[What to produce]:
All of the entries are to be returned word for word.

[Material shown]:
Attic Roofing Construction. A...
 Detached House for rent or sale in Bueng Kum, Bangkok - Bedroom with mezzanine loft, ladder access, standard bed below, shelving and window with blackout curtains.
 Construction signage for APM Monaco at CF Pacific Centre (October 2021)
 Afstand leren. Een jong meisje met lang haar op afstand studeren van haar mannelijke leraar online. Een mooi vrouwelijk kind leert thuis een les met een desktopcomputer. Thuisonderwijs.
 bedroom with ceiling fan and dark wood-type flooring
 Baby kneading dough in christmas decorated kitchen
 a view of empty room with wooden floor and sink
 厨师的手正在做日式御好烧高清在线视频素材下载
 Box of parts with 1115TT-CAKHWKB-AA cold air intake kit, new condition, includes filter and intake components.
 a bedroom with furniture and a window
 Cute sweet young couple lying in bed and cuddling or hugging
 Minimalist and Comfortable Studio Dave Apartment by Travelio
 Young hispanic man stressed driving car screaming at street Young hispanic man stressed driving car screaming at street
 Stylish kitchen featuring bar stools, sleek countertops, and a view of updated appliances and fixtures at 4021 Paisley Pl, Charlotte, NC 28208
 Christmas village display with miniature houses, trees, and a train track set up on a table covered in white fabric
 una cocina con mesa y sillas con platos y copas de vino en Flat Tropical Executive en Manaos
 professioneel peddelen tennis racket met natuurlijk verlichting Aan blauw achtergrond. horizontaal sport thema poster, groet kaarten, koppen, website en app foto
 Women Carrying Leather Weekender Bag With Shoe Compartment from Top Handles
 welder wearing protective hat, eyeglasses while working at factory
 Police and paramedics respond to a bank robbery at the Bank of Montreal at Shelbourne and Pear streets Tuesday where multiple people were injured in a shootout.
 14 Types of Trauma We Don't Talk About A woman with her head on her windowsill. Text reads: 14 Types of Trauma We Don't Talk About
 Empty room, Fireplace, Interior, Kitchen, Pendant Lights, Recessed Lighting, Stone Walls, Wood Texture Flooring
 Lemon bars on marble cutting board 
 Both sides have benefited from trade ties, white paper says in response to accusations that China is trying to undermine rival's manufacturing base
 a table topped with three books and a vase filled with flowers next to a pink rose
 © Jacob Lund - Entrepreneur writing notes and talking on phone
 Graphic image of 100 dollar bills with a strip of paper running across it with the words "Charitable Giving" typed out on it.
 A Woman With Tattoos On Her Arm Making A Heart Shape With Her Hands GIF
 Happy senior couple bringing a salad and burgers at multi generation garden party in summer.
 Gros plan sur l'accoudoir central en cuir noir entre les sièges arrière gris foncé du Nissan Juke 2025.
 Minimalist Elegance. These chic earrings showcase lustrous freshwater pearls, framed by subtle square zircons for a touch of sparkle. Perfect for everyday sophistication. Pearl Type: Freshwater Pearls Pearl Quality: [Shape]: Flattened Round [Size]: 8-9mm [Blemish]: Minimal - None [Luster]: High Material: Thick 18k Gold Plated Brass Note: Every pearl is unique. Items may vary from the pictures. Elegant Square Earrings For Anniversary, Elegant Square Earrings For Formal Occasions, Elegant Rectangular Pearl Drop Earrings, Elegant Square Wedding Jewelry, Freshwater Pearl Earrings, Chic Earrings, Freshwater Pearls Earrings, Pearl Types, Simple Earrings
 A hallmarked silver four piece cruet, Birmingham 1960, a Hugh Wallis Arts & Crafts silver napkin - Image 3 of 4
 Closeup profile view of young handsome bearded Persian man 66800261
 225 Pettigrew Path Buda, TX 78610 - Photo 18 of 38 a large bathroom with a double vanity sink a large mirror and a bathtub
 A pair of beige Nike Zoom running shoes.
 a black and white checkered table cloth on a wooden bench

[Task answer]:
Attic Roofing Construction. A...
 Detached House for rent or sale in Bueng Kum, Bangkok - Bedroom with mezzanine loft, ladder access, standard bed below, shelving and window with blackout curtains.
 Construction signage for APM Monaco at CF Pacific Centre (October 2021)
 Afstand leren. Een jong meisje met lang haar op afstand studeren van haar mannelijke leraar online. Een mooi vrouwelijk kind leert thuis een les met een desktopcomputer. Thuisonderwijs.
 bedroom with ceiling fan and dark wood-type flooring
 Baby kneading dough in christmas decorated kitchen
 a view of empty room with wooden floor and sink
 厨师的手正在做日式御好烧高清在线视频素材下载
 Box of parts with 1115TT-CAKHWKB-AA cold air intake kit, new condition, includes filter and intake components.
 a bedroom with furniture and a window
 Cute sweet young couple lying in bed and cuddling or hugging
 Minimalist and Comfortable Studio Dave Apartment by Travelio
 Young hispanic man stressed driving car screaming at street Young hispanic man stressed driving car screaming at street
 Stylish kitchen featuring bar stools, sleek countertops, and a view of updated appliances and fixtures at 4021 Paisley Pl, Charlotte, NC 28208
 Christmas village display with miniature houses, trees, and a train track set up on a table covered in white fabric
 una cocina con mesa y sillas con platos y copas de vino en Flat Tropical Executive en Manaos
 professioneel peddelen tennis racket met natuurlijk verlichting Aan blauw achtergrond. horizontaal sport thema poster, groet kaarten, koppen, website en app foto
 Women Carrying Leather Weekender Bag With Shoe Compartment from Top Handles
 welder wearing protective hat, eyeglasses while working at factory
 Police and paramedics respond to a bank robbery at the Bank of Montreal at Shelbourne and Pear streets Tuesday where multiple people were injured in a shootout.
 14 Types of Trauma We Don't Talk About A woman with her head on her windowsill. Text reads: 14 Types of Trauma We Don't Talk About
 Empty room, Fireplace, Interior, Kitchen, Pendant Lights, Recessed Lighting, Stone Walls, Wood Texture Flooring
 Lemon bars on marble cutting board 
 Both sides have benefited from trade ties, white paper says in response to accusations that China is trying to undermine rival's manufacturing base
 a table topped with three books and a vase filled with flowers next to a pink rose
 © Jacob Lund - Entrepreneur writing notes and talking on phone
 Graphic image of 100 dollar bills with a strip of paper running across it with the words "Charitable Giving" typed out on it.
 A Woman With Tattoos On Her Arm Making A Heart Shape With Her Hands GIF
 Happy senior couple bringing a salad and burgers at multi generation garden party in summer.
 Gros plan sur l'accoudoir central en cuir noir entre les sièges arrière gris foncé du Nissan Juke 2025.
 Minimalist Elegance. These chic earrings showcase lustrous freshwater pearls, framed by subtle square zircons for a touch of sparkle. Perfect for everyday sophistication. Pearl Type: Freshwater Pearls Pearl Quality: [Shape]: Flattened Round [Size]: 8-9mm [Blemish]: Minimal - None [Luster]: High Material: Thick 18k Gold Plated Brass Note: Every pearl is unique. Items may vary from the pictures. Elegant Square Earrings For Anniversary, Elegant Square Earrings For Formal Occasions, Elegant Rectangular Pearl Drop Earrings, Elegant Square Wedding Jewelry, Freshwater Pearl Earrings, Chic Earrings, Freshwater Pearls Earrings, Pearl Types, Simple Earrings
 A hallmarked silver four piece cruet, Birmingham 1960, a Hugh Wallis Arts & Crafts silver napkin - Image 3 of 4
 Closeup profile view of young handsome bearded Persian man 66800261
 225 Pettigrew Path Buda, TX 78610 - Photo 18 of 38 a large bathroom with a double vanity sink a large mirror and a bathtub
 A pair of beige Nike Zoom running shoes.
 a black and white checkered table cloth on a wooden bench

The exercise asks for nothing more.